Then, in 1947, Libbey-Owens-Ford Glass Company published a book with Simon and Schuster called Your Solar House, in which forty-nine architects designed homes appropriate for the forty-eight existing states plus the District of Columbia. In this, they were following the long traditions of vernacular architecture, building homes that suited prevailing weather conditions.7 For instance, the Florida home had a glassed-in garden and a solar hot water heater. A two-story home was built largely from stone and tried to fit into the august “traditions of Delaware architecture.” The Arkansas home was designed “using native materials” in a style “reminiscent of early American architecture”; it looks remarkably like any old subdivision home you might find, a nod to the architect’s belief that “although startling scientific discoveries will have terrific impact on our way of living, it will take more energy than the split atom generates to change people’s tastes and desires.”8

To many, the solar home seemed the perfect match between the traditions of old and the science of the new age. New York Times critic Mary Roche wrote in 1945 that

solar-house enthusiasts love to quote passages from Socrates and Xenophon and to cite building practices adopted by the Swiss 300 years ago and by the Chinese centuries before that, all by way of proving that solar heating is not a new-fangled idea. What has given it the aura of a machine-age miracle is the recent development of thermopane—the double plate glass pane with a metal-sealed dehydrated air space in between.

By 1947 whole subdivisions in the Chicago and New York suburbs were being built with solar home design principles.
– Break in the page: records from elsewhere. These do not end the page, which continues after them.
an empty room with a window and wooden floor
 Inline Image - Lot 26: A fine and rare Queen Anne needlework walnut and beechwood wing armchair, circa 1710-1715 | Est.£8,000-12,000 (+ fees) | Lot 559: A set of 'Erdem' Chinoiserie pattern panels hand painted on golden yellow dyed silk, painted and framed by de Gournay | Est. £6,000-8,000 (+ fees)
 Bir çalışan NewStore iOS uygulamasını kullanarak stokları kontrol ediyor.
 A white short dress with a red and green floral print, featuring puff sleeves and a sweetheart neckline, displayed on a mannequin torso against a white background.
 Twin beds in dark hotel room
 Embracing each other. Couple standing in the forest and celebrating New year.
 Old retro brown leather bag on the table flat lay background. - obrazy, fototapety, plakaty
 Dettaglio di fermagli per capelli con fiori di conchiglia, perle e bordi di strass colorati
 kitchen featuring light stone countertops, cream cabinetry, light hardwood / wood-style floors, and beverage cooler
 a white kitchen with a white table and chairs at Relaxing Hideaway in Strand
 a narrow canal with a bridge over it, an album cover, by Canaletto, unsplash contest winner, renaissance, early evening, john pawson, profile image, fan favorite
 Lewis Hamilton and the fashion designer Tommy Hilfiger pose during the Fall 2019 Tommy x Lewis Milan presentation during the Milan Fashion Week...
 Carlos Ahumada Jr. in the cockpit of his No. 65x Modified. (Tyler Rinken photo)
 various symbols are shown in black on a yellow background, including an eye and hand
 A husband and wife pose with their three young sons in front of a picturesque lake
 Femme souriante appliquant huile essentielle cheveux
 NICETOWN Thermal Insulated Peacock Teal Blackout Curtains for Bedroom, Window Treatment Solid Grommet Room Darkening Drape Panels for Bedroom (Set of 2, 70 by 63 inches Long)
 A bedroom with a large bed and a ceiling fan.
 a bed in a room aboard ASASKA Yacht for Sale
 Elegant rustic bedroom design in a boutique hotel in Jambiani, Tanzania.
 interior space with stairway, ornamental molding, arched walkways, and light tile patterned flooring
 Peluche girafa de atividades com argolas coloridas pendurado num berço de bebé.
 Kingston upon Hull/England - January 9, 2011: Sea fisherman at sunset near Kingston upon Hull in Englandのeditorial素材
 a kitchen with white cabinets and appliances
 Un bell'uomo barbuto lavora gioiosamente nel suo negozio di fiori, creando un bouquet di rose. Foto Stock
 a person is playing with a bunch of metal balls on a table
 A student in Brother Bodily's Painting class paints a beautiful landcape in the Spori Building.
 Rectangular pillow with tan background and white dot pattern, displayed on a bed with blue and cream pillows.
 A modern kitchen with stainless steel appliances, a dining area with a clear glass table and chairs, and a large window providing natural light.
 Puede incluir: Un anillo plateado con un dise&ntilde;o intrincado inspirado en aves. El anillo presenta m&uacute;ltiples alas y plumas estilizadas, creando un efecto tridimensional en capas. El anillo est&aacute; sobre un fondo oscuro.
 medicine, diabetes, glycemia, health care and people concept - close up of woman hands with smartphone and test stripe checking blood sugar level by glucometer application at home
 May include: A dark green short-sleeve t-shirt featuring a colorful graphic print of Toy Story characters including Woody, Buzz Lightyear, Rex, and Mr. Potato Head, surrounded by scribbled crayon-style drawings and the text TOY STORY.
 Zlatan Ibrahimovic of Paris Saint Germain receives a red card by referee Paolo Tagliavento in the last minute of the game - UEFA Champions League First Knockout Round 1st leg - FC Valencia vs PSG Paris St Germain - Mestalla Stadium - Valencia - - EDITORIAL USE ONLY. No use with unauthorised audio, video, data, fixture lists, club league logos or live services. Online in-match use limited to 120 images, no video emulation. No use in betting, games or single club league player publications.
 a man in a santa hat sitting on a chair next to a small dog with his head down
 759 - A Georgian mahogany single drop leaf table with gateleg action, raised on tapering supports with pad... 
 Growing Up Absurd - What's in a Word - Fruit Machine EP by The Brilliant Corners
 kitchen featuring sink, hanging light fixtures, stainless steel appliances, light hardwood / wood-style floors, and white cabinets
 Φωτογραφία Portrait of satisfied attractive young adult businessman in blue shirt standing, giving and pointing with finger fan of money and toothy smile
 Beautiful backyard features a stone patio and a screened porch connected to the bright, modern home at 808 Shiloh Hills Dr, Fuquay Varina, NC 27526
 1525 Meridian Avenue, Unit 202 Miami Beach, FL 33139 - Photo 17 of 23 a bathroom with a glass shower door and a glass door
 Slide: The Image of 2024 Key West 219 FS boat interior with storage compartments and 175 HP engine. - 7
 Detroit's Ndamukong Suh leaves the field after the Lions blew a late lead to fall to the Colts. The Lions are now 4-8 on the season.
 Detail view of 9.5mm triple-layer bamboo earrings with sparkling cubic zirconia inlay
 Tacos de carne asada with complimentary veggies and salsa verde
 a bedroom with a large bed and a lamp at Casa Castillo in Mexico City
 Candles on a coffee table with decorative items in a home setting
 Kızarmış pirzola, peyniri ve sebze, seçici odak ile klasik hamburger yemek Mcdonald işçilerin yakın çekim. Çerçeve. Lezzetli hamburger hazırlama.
A 1948 Washington Post article exclaimed, “Solar Houses Win Approval Across Nation.” That article went on to explain that in the first half of 1948, “more than 75 percent of the single family residences featured were of the solar type.” Homebuilder magazines showed a similar trend, with 63 percent of the homes in those publications incorporating solar design.9 The solar home looked to be on its way to a permanent place in the American building lexicon. Roche wrote that a new Keck house “will combine two principles widely acclaimed as inevitable in post-war home building—prefabricated construction and solar planning.”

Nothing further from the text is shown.